The main inspiration though falls on the universal theme of a man seeking to find his place in society, as Castle is a war veteran who has seen and done terrible things for his country, only to lose his entire family in a senseless massacre that the government then tried to hush up.

Lightfoot said that the reason that he was drawn to the Marvel shows on Netflix even before starting on The Punisher is because alongside the superhero action, they're also telling human stories. "I think that if we can make an episode where people are just talking and it still resonates with the viewers, then I've done my job right," he said.

iron fist bleedIron Fist was criticised for its pacing and other issues.

 

Though popular, one criticism that the last few Marvel shows - Iron Fist, Luke Cage, and also The Defenders - have faced is that the pacing has been uneven. In the case of Luke Cage, critics felt that the show went off the rails in the second half, with the death of a prominent character. Iron Fist meanwhile had a very unsteady start that it never fully recovered from, though it does have its defenders.

Is part of the problem that the seasons have to fill out 13 episodes? Lightfoot doesn't think that's an issue. "The number of episodes shouldn't matter if I've done my job right," he said. "If there are fewer episodes, we'd just get there sooner, but if the pacing is right, 13 episodes is a good thing."

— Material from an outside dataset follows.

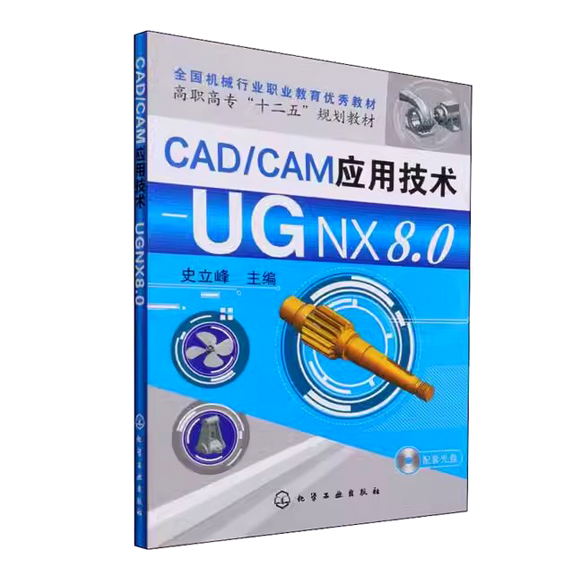 CAD/CAM应用技术--UG NX8.0(史立峰)(附光盘)化学工业出版社9787122189967-封面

Netflix VP Original Series, Allie Goss interjected here that the length of each season is a part of its deal with Marvel, but added that the numbers Netflix is seeing make it confident that the viewers are happy with the shows. "We get a lot of different feedback, and some critics were pointing out those things, but others loved the shows," she said, adding, "and we do of course take the criticism and use it to make something better, but it's definitely been well received by viewers."

Disclosure: Netflix sponsored the correspondent's flights and hotel for the event in Singapore.